# PySpark Union vs Union All

## Key Differences

- `union()`: Removes duplicate rows when combining DataFrames.

- `unionAll()`: Retains all duplicate rows when combining DataFrames (deprecated, use `union()`).

In [10]:
from pyspark.sql import SparkSession

spark = SparkSession.builder.appName('UnionExample').getOrCreate()

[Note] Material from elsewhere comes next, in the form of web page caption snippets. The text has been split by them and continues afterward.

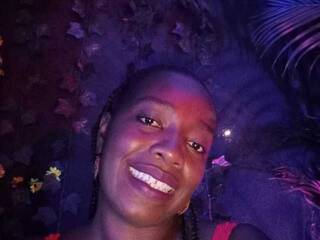 Chat video erotica victoriasaez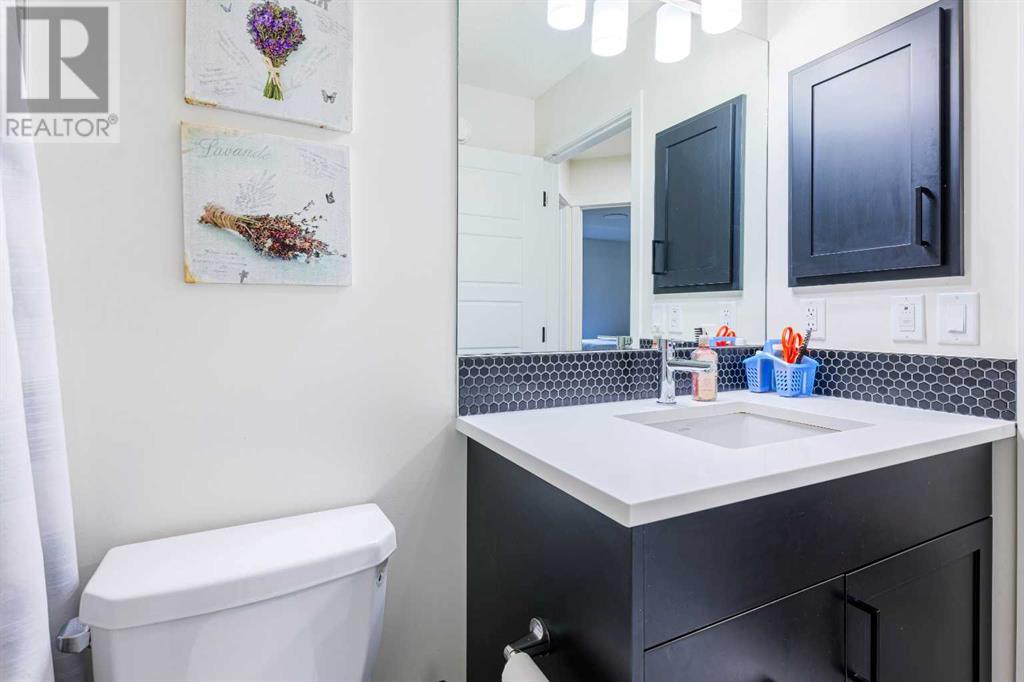 Single Family House for Sale in  Corner Meadows Way NE Cornerstone Calgary 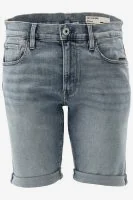 G-Star Jeans Short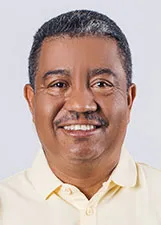 VALDERIO DE JESUS REIS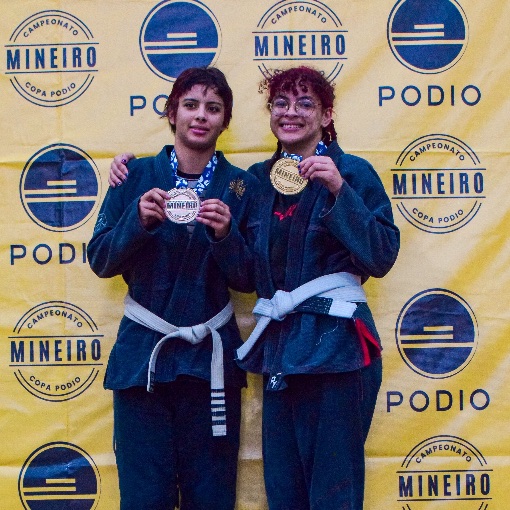 Event cover COPA P�DIO 
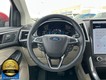 2024 Ford Edge Titanium AWD thumbnail image 17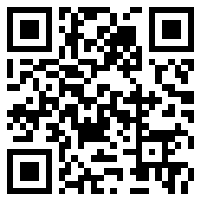 QR Code for 1MwxUvKttJ9DRgbuMiE1zkv6NEXVC3jxtD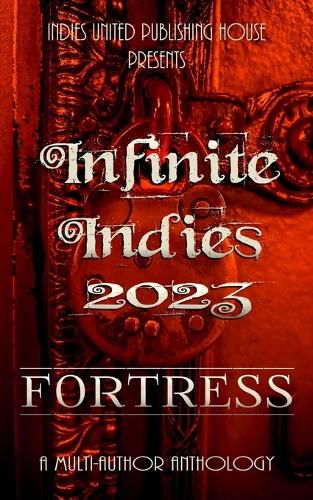 Cover image for Infinite Indies 2023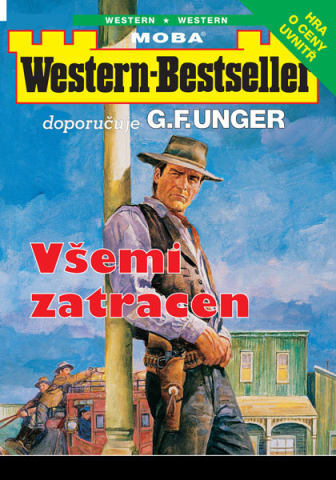 public://cover/cover_421091.jpg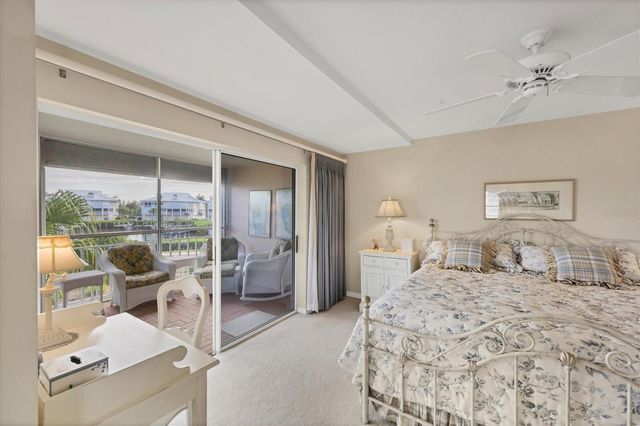 11000 PLACIDA ROAD 1801, Placida, FL 33946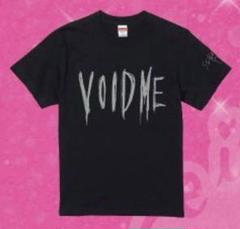 未開封☆大森靖子 VOID Tシャツ ピンク XLサイズ Amazon.co.jp: 大森靖子 VOID T ピンク XLサイズ : おもちゃ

StatementMeta(, 605b3e0e-08a2-4587-9dfc-750528d92dd8, 12, Finished, Available, Finished)

In [11]:
from pyspark.sql import Row

data1 = [("Alice", 1), ("Bob", 2)]
data2 = [("Bob", 2), ("Cathy", 3), ("David", 4)]
columns = ["Name", "Id"]


df1 = spark.createDataFrame(data1,columns)
df2 = spark.createDataFrame(data2,columns)

df1.show()
df2.show()

StatementMeta(, 605b3e0e-08a2-4587-9dfc-750528d92dd8, 13, Finished, Available, Finished)

+-----+---+
| Name| Id|
+-----+---+
|Alice|  1|
|  Bob|  2|
+-----+---+

+-----+---+
| Name| Id|
+-----+---+
|  Bob|  2|
|Cathy|  3|
|David|  4|
+-----+---+



In [12]:
# Union
df_union = df1.union(df2)
df_union.show()

StatementMeta(, 605b3e0e-08a2-4587-9dfc-750528d92dd8, 14, Finished, Available, Finished)

+-----+---+
| Name| Id|
+-----+---+
|Alice|  1|
|  Bob|  2|
|  Bob|  2|
|Cathy|  3|
|David|  4|
+-----+---+



###### The union() function combines DataFrames but does NOT remove duplicates explicitly. If you want unique values, use 'distinct()' on the result.


In [13]:
df_union_distinct = df_union.distinct()
df_union_distinct.show()

StatementMeta(, 605b3e0e-08a2-4587-9dfc-750528d92dd8, 15, Finished, Available, Finished)

+-----+---+
| Name| Id|
+-----+---+
|Alice|  1|
|  Bob|  2|
|Cathy|  3|
|David|  4|
+-----+---+



## Conclusion 
- Use `union()` to merge DataFrames and remove duplicates with `.distinct()` if needed.
- `unionAll()` is deprecated, and `union()` is the recommended approach.